Conventional wisdom here is to work on yourself. Being needy or chasing rarely if ever works. The WAS has to realize you are moving on and what she is about to lose.

One other tidbit of advice. Take the hard time to set the rules of a separation. Taking care of the kids is number one, finances so you are not funding the single life and what are the rules for dating.

In my situation, I told my WAS that she should see other people if I could not make her happy. With the rules in place, I started seeing someone as did she. Fourteen months later she wanted to reconcile but I had already moved on. I am torn from this but I was up front at the beginning.

Make sure she knows that there is very little chance of going back once other people are involved.

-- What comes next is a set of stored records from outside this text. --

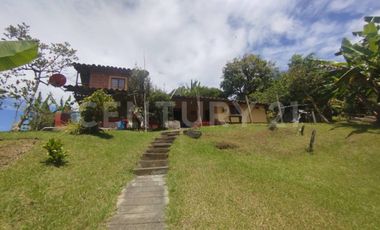 VENDO CASAFINCA EN VEREDA LAS LAJAS RIONEGRO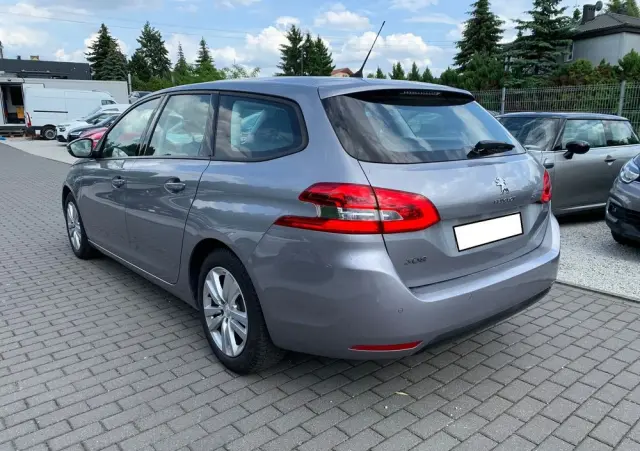 PEUGEOT 308 1.2 PureTech Business Line S&S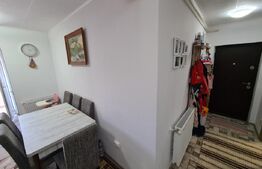 Apartament 3 dormitoare, 2 bai, etaj intermediar, zona Eroilor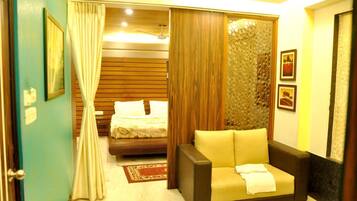 Premium bedding, in-room safe, desk, laptop workspace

Be strong, start moving to your future, whatever it will be,
Stretch


----------



## Runs like Dog (Feb 25, 2011)

bobsmith said:


> Still, I guess I have to wonder.


About what? That you'll be spying on one another? Down the block might as well be another state if you want it to.


----------



## Homemaker_Numero_Uno (Jan 18, 2011)

I used to sit for a lot of kids of divorced parents in the late 70's and early 80's. I lived in a big apartment complex, as did the kids I sat for and their respective parents. It really does work quite well for the kids. You will adjust. 

I also know couples who are divorced and have children together and still consider themselves family of sorts. 

If you can have a decent convo together and have been through counseling and are okay with your coparenting and live close by you are well ahead of the game.

Relax and be grateful your new life isn't much much much more complicated by geography and other hassles of divorce.


----------